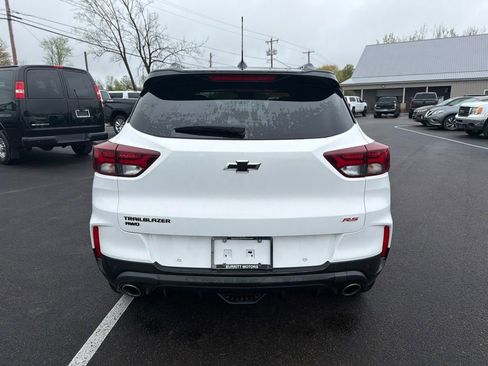 Used 2022 Chevrolet TrailBlazer RS w/ Sun and Liftgate Package AWD/4WD image 4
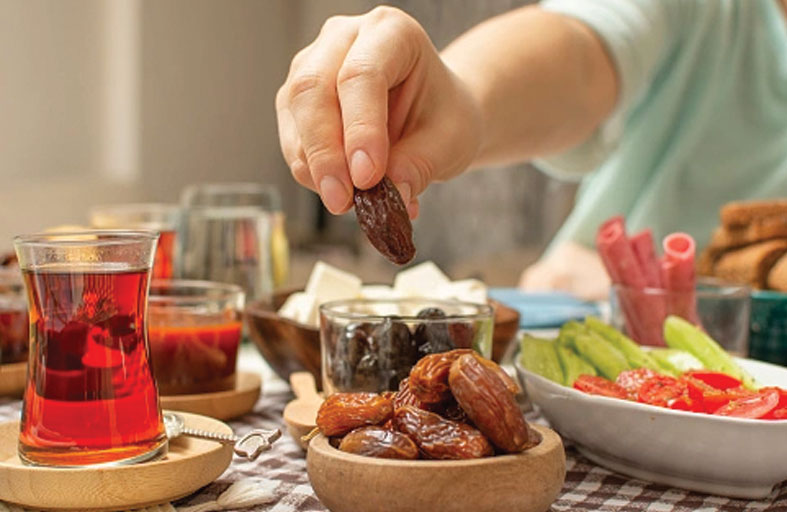 كيف توازن بين الماء والحلويات في رمضان؟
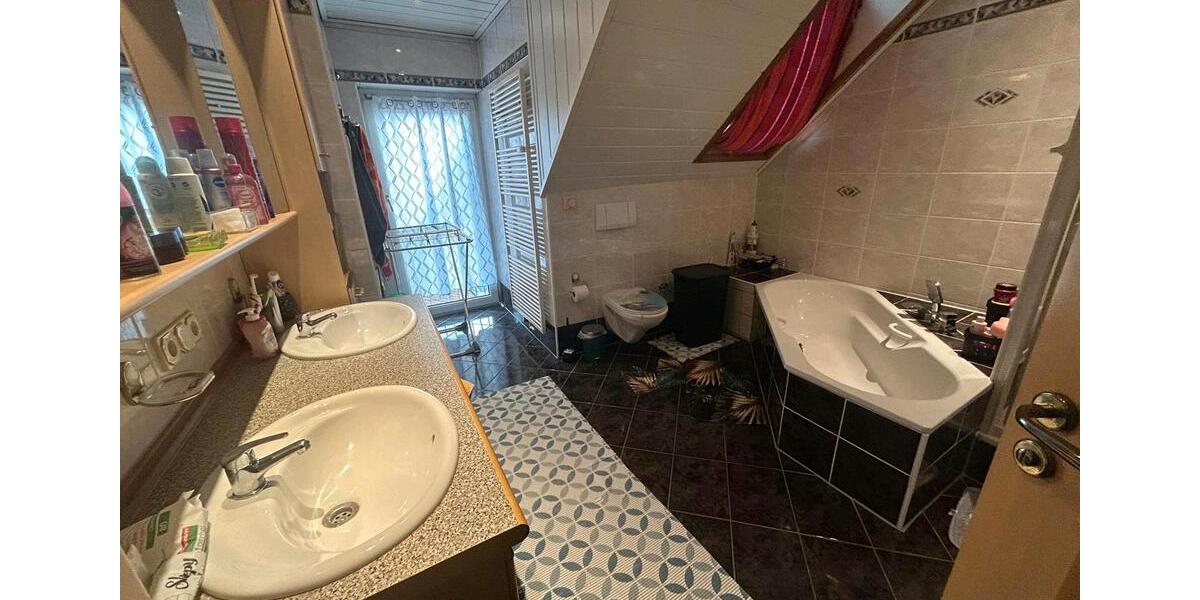 Großzügige 5-Zimmer-Wohnung im Herzen von Poppenlauer 5 zimmer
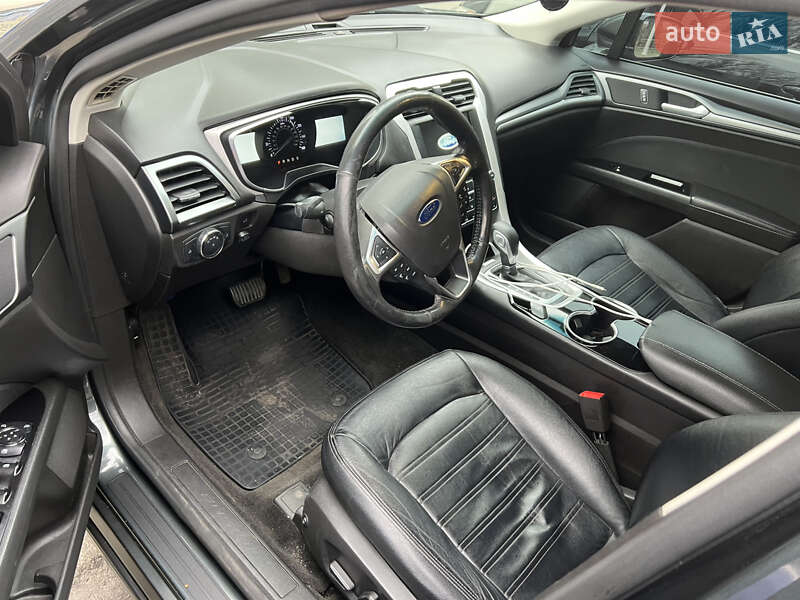 Седан Ford Fusion 2015 в Киеве фото 7 Седан Ford Fusion 2015 в Киеве
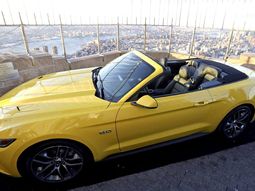 Un Mustang en el Empire State, a 50 años de su salida al ropdaje en Estados Unidos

━━━━━━━━

Keeping the pictures out, print the entries above exactly as written.

 Used 2022 Chevrolet TrailBlazer RS w/ Sun and Liftgate Package AWD/4WD image 4
 كيف توازن بين الماء والحلويات في رمضان؟
 Großzügige 5-Zimmer-Wohnung im Herzen von Poppenlauer 5 zimmer
 Седан Ford Fusion 2015 в Киеве фото 7 Седан Ford Fusion 2015 в Киеве
 Un Mustang en el Empire State, a 50 años de su salida al ropdaje en Estados Unidos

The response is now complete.